The second mistake is following every account in the Profile View without reviewing. Auto Follow from matching keyword is powerful for high-volume outreach but should always have engagement filters applied first. An account with a matching tweet, zero followers, and an inactive status is not worth following. Stack the filters before you act, and whitelist the accounts that score well so they survive any future cleanup.
Frequently Asked Questions
How is this different from searching Twitter bios for outreach targets?
Bio search finds accounts that described themselves in a relevant way. Tweet search finds accounts that expressed a specific intent through recent behavior.

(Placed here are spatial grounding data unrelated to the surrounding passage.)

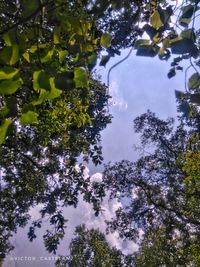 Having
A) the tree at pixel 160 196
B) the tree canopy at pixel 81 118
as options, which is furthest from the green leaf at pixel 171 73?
the tree at pixel 160 196

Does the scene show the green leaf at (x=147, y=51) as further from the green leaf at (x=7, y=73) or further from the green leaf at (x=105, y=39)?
the green leaf at (x=7, y=73)

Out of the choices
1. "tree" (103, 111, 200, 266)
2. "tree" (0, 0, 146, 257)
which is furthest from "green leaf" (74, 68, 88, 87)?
"tree" (103, 111, 200, 266)

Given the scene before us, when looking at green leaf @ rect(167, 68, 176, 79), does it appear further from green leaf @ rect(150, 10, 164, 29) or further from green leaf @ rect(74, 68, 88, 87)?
green leaf @ rect(74, 68, 88, 87)

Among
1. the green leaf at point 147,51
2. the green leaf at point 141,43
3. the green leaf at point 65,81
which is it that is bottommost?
the green leaf at point 65,81

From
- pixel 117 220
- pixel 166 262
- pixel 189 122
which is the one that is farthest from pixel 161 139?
pixel 166 262

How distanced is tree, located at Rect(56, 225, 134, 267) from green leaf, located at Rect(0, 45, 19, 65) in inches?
1016

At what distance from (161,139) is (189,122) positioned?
3431 millimetres

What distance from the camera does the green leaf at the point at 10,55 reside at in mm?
1300

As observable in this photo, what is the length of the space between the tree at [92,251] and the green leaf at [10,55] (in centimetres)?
2580

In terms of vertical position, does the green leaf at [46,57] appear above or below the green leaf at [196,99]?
above

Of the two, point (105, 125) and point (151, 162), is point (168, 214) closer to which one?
point (151, 162)

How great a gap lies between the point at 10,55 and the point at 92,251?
27413 millimetres

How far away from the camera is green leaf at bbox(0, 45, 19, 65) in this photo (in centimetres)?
130

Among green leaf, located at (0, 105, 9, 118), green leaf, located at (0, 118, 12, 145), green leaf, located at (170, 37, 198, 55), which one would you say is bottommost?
green leaf, located at (0, 118, 12, 145)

The two approaches surface different people: bio search is demographic, tweet search is behavioral. For outreach timing, behavioral evidence from the last seven days is a stronger signal than a bio that may have been written months ago.
How do I make sure the accounts in my outreach list are high quality?
Apply engagement tier and follower count filters in Profile View before reviewing the list. The engagement tier filter surfaces accounts that have an active, engaged following, which matters both for the quality of the outreach relationship and for whether their signal was visible to a real audience. Set a minimum engagement threshold on tweets during the search to filter out posts that reached no one.
Can I use this for outreach around a live event or conference?
Yes. Set the start date to the event's start time and use the event hashtag or specific keywords as your search input. Real-time Tweet Search collects every account posting matching content from that moment forward. Profile View gives you the deduplicated list of active participants, a targeted engagement list for the duration of the event while the shared context creates natural conversation openings.
What happens to the results after I close the session?
Results are stored in the search log. You can return to previous collections without re-consuming tokens, the stored results are accessible from the log for review, filtering, and action in future sessions. For an ongoing outreach keyword, running fresh collections periodically adds new accounts to the workflow as new matching tweets appear.
The Bottom Line
The best outreach list is not built from who someone says they are, it is built from what they said last week, in their own words, about the exact problem your outreach addresses.
Using Twitter search to build a targeted outreach list means defining the behavioral signal you care about, collecting the accounts that expressed it in real time, qualifying them by engagement quality, and acting while the window is still open. Every account in the Profile View earned its place through something they actually posted. That is a different foundation for outreach than a bio keyword match, and it produces a different result.